This task calls for the lines below starting at the one containing "Hello everyone, welcome" and ending at the one containing "Hello everybody, my", repeated exactly with both ends kept and pictures left out.

• _Data for the task_:
■ ■ ■

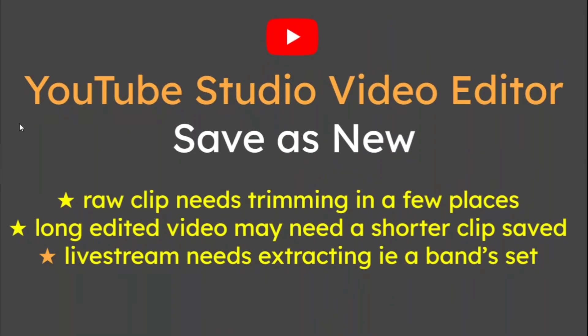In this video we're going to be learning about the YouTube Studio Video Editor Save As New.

■ ■ ■

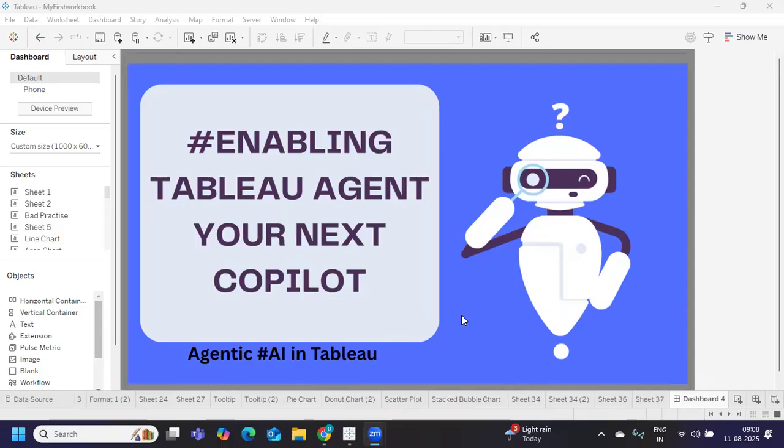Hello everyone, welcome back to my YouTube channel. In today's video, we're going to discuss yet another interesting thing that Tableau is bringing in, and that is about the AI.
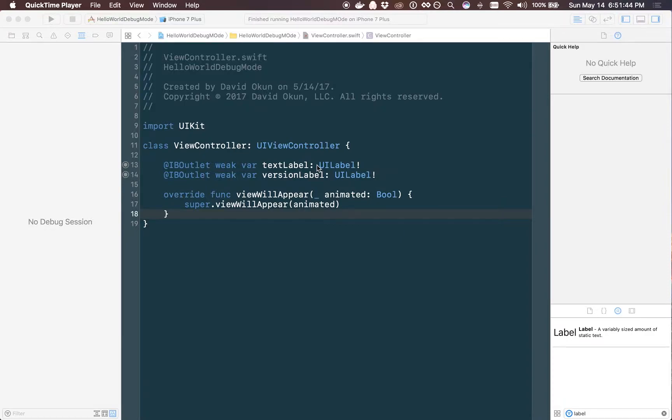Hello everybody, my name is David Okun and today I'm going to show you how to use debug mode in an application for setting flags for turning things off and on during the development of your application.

■ ■ ■

• _Response to this exercise_:
Hello everyone, welcome back to my YouTube channel. In today's video, we're going to discuss yet another interesting thing that Tableau is bringing in, and that is about the AI.
Hello everybody, my name is David Okun and today I'm going to show you how to use debug mode in an application for setting flags for turning things off and on during the development of your application.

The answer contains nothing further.